Manifestações nas redes sociais podem configurar campanha política. Foto: Shutterstock

Gabriela Coelho, da CNN, em Brasília

Ouvir notícia

Por maioria, o plenário do Tribunal Superior Eleitoral (TSE) decidiu, nesta terça-feira (4), que manifestações espontâneas de cidadãos em suas redes sociais podem configurar propaganda eleitoral antecipada negativa.

No caso analisado, um cidadão, mesmo não sendo candidato, foi condenado pelo Tribunal Regional Eleitoral do Maranhão (TRE-MA) por propaganda eleitoral antecipada, numa ação movida pelo Partido Comunista do Brasil (PCdoB).

Segundo o partido, nas Eleições Gerais de 2018, ele publicou em sua rede social um vídeo com ataques ao então candidato à reeleição ao governo do Maranhão, Flávio Dino, do PCdoB. Os ministros mantiveram a multa de R$ 5 mil ao cidadão.

No caso, prevaleceu o entendimento do ministro Tarcísio Vieira Neto, que considerou propaganda eleitoral negativa. “Não há direitos absolutos. Dúvida não há: as expressões utilizadas ofereceram a honra do governados, consubstanciando discurso de ódio”, disse.

Segundo o ministro, a livre manifestação de pensamento não constitui direito absoluto e que a divulgação de publicação antes do período permitido que ofende a honra de possível candidato é propaganda eleitoral negativa”

O ministro foi seguido pelos ministros Luiz Edson Fachin, Alexandre de Moraes e Mauro Campbell.

Censura

Já o relator da ação, ministro Luís Roberto Barroso, entendeu que a mera veiculação de críticas ao governo do estado não configura divulgação em desfavor de candidatura futura, “com aptidão de desequilibrar a disputa, a justificar a caracterização da propaganda antecipada negativa.”

“Não houve pedido explícito de votos em desfavor do pré-candidato a governador.
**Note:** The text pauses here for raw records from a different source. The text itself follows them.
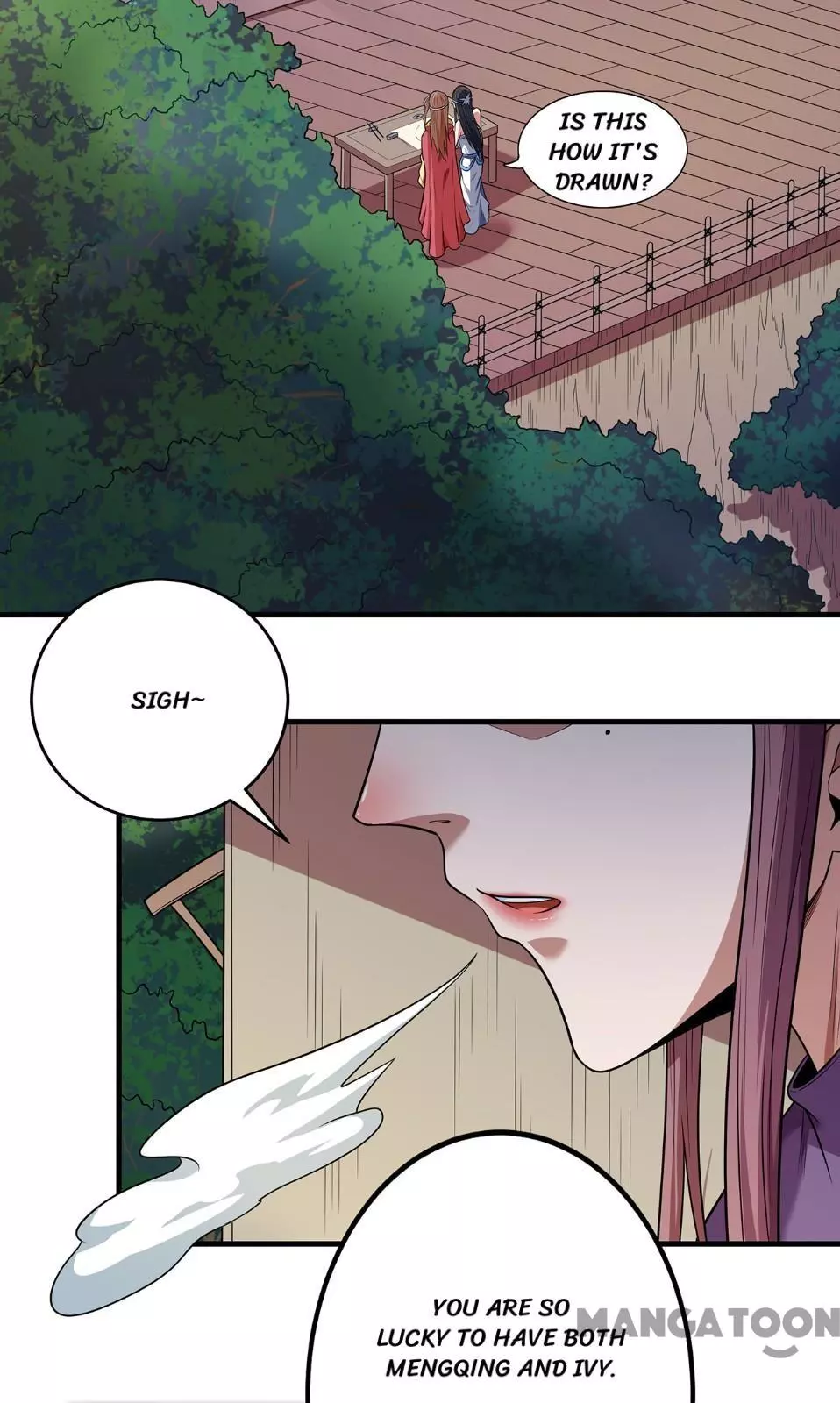 God of Martial Arts Chapter 664 page 11
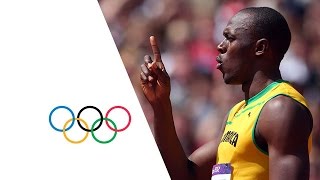 Usain Bolt Qualifies For Mens 200m Final 3 Heats  London 2012 Olympics [upl. by Adnoek108]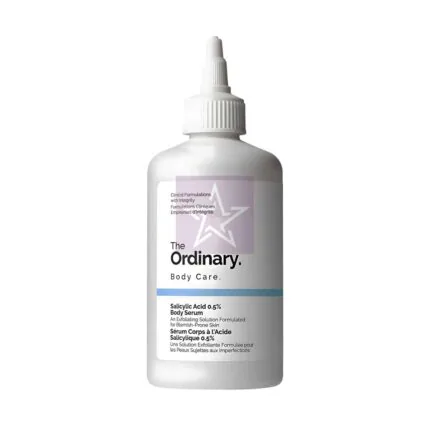 The Ordinary Salicylic Acid 0.5% Body Serum - 240ml, SKU: 769915233520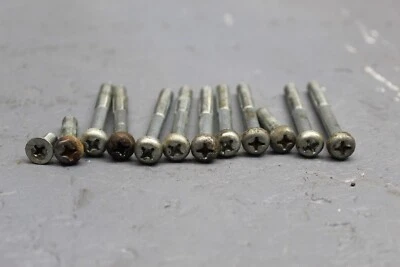 1973 YAMAHA GT80 GT1 OEM CASE JIS SCREW SET - Image 1 of 4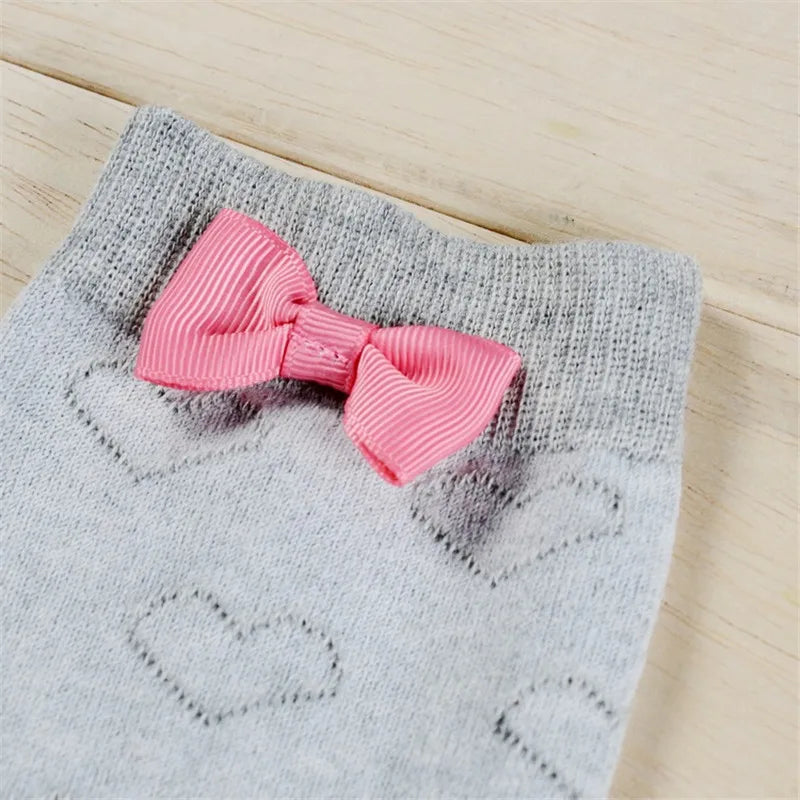 Lbsfy Pink Bow Patchwork School Female Knee Socks Embroidery Women's Stockings Kawaii Campus  Long Socks Cute Girl Thigh High Stocking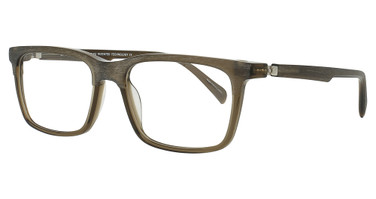 Takumi Eyeglasses TK1294 Transparent Khaki Brushed/60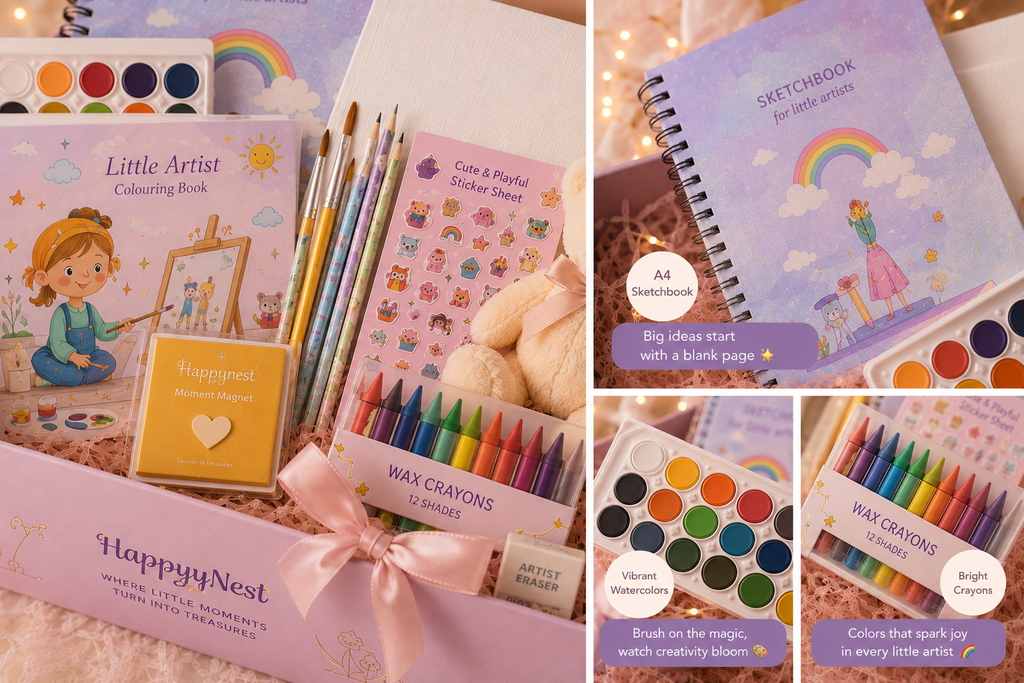 🖌️ Mini Artist Hamper 💛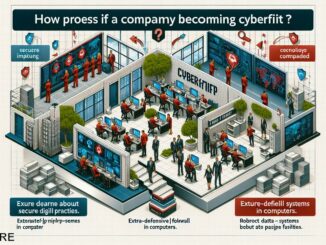 Wie Unternehmen in fünf Schritten cyberfit werden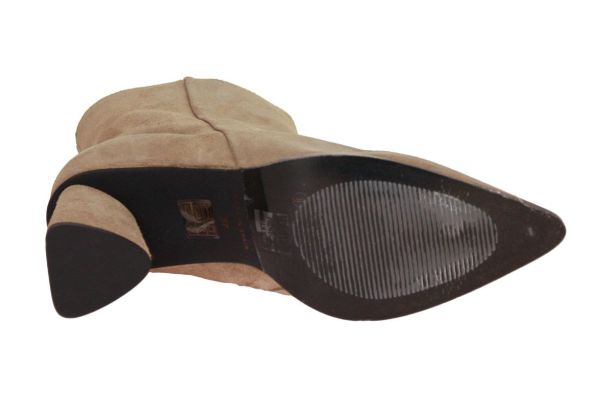 CTWLK Veline Korte Laars Beige  (VELINE/70) - MerkenOutlet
A expressão utilizada na divulgação do vídeo, ‘#DinovoNÃO’, não configura pedido de abstenção de votos formulado “de maneira clara e não subentendida”, caracterizando, em verdade, mera exposição de ideias”, afirmou Barroso.

Segundo Barroso, o ponto central é que não se pode transformar critica politica em propaganda antecipada negativa. “Se nós formos considerar propaganda antecipada negativa, toda manifestação crítica, agressiva na internet antes do processo eleitoral, nós seremos censores e vamos ser inundados de processos”, afirmou Barroso.

O voto de Barroso foi acompanhado pelos ministros Luís Felipe Salomão e Sergio Banhos.